Bob Dylan, por los siglos de los siglos

Emoción, energía, delicadeza, sutileza y brío en el concierto del bardo de Minnesota en Madrid

Bob dylan, en su gira española Word

Pablo Carrero

A Dylan no hay que ir a verle porque puede que esta sea la última vez (como ha pasado con los Rolling Stones durante las dos o tres últimas décadas). No es el caso del de Minnesota, que pareciera que va a quedarse por aquí, cantando con su voz única y escasa y tocando el piano, la guitarra y la armónica por toda la eternidad; a Dylan hay que ir a verle porque siempre da y porque casi siempre es diferente, porque, aunque cada vez se aferre más a un guion más o menos fijo, siempre hay margen para que en cada una de sus actuaciones sucedan cosas memorables y porque el propio Dylan es como el viejo amigo que nunca deja de venir a visitarte de vez en cuando, con una regularidad pasmosa, confortablemente entregado a una gira interminable –ese « Never Ending Tour » que arrancó en junio de 1988 y que, efectivamente, pareciera que va a prolongarse por los siglos de los siglos.
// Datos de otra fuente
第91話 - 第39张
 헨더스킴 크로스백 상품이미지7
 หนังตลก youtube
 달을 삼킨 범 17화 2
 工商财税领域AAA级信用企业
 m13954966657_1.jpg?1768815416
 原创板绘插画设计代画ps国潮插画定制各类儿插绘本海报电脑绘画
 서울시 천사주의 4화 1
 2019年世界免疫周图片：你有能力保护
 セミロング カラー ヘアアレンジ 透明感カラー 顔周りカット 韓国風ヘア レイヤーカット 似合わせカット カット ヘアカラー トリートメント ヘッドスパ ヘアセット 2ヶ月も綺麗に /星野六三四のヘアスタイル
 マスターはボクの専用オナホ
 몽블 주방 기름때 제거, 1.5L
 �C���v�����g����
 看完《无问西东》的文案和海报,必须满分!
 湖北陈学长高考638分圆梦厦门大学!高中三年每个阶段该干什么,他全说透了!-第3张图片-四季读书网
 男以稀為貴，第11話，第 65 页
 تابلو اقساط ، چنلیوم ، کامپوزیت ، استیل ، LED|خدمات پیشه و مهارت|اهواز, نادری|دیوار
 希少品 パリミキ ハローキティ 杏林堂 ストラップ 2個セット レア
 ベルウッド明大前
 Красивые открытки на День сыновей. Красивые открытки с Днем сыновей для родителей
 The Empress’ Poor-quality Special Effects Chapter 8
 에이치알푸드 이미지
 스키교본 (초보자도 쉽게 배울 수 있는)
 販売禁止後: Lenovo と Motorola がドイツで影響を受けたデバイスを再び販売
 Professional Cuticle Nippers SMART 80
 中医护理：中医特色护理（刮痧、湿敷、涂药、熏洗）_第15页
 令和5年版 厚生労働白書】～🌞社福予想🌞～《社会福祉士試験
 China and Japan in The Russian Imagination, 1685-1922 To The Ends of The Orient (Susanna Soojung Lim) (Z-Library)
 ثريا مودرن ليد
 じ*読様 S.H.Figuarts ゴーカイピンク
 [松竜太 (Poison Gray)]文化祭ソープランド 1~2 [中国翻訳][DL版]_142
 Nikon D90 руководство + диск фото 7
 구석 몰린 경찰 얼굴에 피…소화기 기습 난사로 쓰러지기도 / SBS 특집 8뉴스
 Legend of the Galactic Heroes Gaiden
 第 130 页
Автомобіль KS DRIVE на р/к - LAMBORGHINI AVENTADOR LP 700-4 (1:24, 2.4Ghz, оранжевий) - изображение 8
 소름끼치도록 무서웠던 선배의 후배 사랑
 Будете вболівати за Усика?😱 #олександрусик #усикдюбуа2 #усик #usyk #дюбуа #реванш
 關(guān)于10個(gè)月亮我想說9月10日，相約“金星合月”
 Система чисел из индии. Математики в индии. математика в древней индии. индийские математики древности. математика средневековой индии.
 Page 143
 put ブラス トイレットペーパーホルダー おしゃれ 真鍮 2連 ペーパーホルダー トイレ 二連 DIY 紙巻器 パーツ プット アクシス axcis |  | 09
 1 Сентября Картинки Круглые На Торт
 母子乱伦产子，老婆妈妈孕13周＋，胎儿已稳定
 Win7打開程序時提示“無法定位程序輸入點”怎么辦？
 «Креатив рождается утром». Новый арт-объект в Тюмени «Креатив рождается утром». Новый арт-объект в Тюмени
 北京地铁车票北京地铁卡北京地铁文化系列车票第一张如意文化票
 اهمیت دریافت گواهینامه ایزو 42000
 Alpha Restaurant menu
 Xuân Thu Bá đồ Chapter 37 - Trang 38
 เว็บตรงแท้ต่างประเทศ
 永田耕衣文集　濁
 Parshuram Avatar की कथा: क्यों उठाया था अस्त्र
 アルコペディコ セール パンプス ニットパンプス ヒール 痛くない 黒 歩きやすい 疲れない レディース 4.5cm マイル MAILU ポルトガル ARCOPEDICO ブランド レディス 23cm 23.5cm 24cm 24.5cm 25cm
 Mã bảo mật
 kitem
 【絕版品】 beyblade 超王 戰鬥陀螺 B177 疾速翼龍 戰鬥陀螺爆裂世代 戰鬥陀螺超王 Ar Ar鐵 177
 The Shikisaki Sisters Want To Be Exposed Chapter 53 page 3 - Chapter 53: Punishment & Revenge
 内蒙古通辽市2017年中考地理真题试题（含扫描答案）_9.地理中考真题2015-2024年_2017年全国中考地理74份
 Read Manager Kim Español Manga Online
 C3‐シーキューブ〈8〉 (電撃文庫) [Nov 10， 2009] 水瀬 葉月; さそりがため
La incómoda sensación de que Dylan funciona como si activara un piloto automático parece haberse instalado últimamente entre quienes no se pierden ninguna de sus comparecencias. Anoche, sin embargo, Dylan pareció más firme que en otras ocasiones, agarrando fuerte las riendas de un concierto al que le faltaron, sobre todo, las canciones que sus seguidores no dejan de esperar –la esperanza es lo último que se pierde–, pero en el que lo demás estuvo realmente bien.

A por todas

Para empezar, el escenario del Auditorio Nacional ofrece una acústica y una visibilidad de las que, lamentablemente, no es frecuente disfrutar en conciertos de rock. Además, acaso también espoleados por el marco, Dylan y su excelsa banda –todos ataviados con impecable traje azul y sombrero– salieron a por todas, dispuestos a poner toda la carne en el asador.

La otra gran noticia es que, si bien apenas sonaron unos pocos clásicos de sus discos imprescindibles, al menos sí pasó igualmente de refilón por sus tres últimas entregas, aquellas en las que recupera el repertorio popularizado por Frank Sinatra , y que lo cierto es que no se trata de algo particularmente atinado y emocionante.

Sí hubo anoche, pues, emoción, energía, delicadeza, brío, sutileza y algo de esa magia que corresponde solamente a los más grandes, por mucho que ellos mismos se empeñen en rebajar las expectativas del respetable. ¡Qué fácil sería para Dylan –y qué bonito para su público– hacer un concierto con veinte o veintidós de sus mejores y más conocidas canciones!